Stokowski chose to employ an organ in the opening Promenade walking theme, which proves most effective as part of the colourful orchestration. Maestro Serebrier and the Bournemouth Orchestra provide a suitably menacing representation of Gnomus and The Old Castle with its accompanying troubadour is poignantly interpreted. In the tableaux Bydlo the Polish ox wagon with huge wheels is persuasively portrayed as it makes its stumbling progress that grows in sonority as it approaches and then fades away. The cheeping and scurrying in the scene of the Ballet of the Unhatched Chicks in their Shells is especially compelling.

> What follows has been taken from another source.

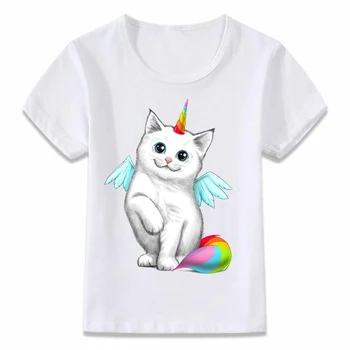 Vaikai Marškinėliai Vienaragis Katė Ir Pug Vaikų marškinėliai Berniukams Ir Mergaitėms Bamblys Tee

Serebrier’s reading is most convincing in the tableaux Samuel Goldenberg and Schmuyle which represents one as rich and successful with a proud stately melody and the other as poor and unassuming represented by a humble indecisive subject. The orchestra in the Catacombs scene provides a most sombre and unsettling melody; heavy chords contrasted with a beautiful closing section of stillness. The virtuosity and brilliance of the Bournemouth players is superbly displayed in the tableaux The Hut on Fowl’s Legs. In the great final scene The Great Gate of Kiev, spectacular and exhilarating playing take the work to a sonorous and majestic conclusion.

The two Tchaikovsky fragments become mini-symphonic poems in Stokowski’s palette. Firstly the Humoresque, from Deux morceaux, Op. 10, No. 2 for piano, which was written in 1872. The middle section is based on a catchy street song which Tchaikovsky heard in Nice during a Mediterranean holiday. Rachmaninov used to play it as an encore, and Stravinsky used it in his ballet The Fairy’s Kiss. Secondly the title Solitude is Stokowski’s own; the original title was Again, as Before, Alone, Op. 73, No. 6, the final song from a set of Six Romances, on poems by D.M. Rathaus. In the hands of Serebrier these two short symphonic poems are treated with love and affection bringing out their contrasting moods splendidly.

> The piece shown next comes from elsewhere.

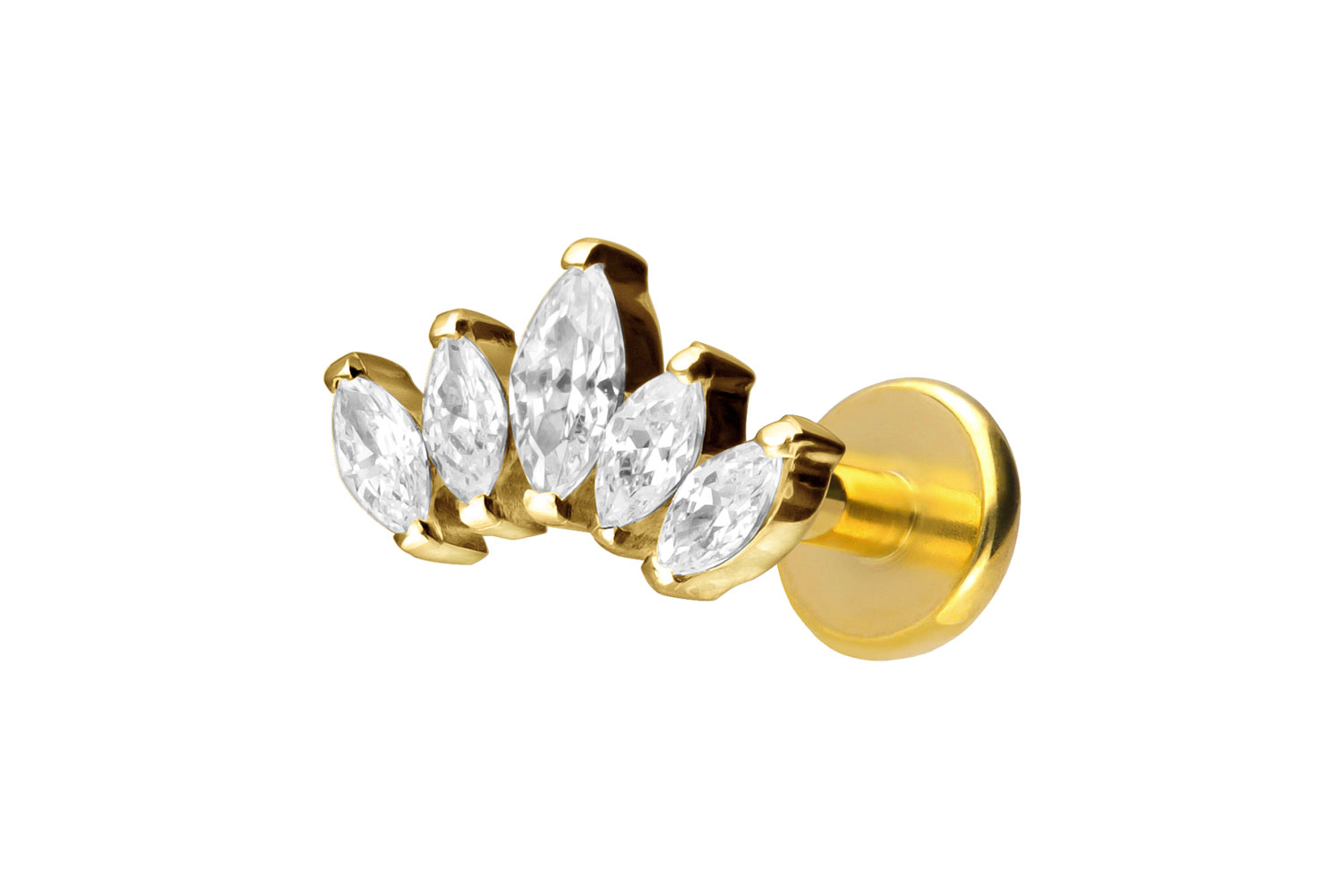 Titan Labret Piercing mit Push Fit LOTUSBLÜTE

Stokowski’s own composition, the short Traditional Slavic Christmas Music, is based on Ippolitov-Ivanov’s In a Manger, which in turn is based on a traditional Christmas hymn. Stokowski’s bare orchestration, which he first performed in Philadelphia on 19 December 1933, interpolates string and brass choirs (no woodwinds in this score), and has a certain magic, and not surprisingly, an organ-like quality. This mournful music is played here tenderly with an admirable fondness.

The Naxos SACD sound quality, which I played on my standard CD Player, is quite superb. The booklet notes by José Serebrier and Edward Johnson of the Leopold Stokowski Society are interesting and highly informative. On this form the talented Bournemouth Symphony Orchestra display their credentials as one of Britain’s premier orchestras and show how excellent their partnership is with inspirational conductor José Serebrier.

Whatever superlatives you hear about this disc I urge you to believe them. This is undoubtedly one of my records of the year. Stokowski, Serebrier and Naxos are a winning combination.

Michael Cookson

see also Reviews by Jonathan Woolf and Colin Clarke

On Naxos an Interview with José Serebrier: ‘Serebrier on Stokowski’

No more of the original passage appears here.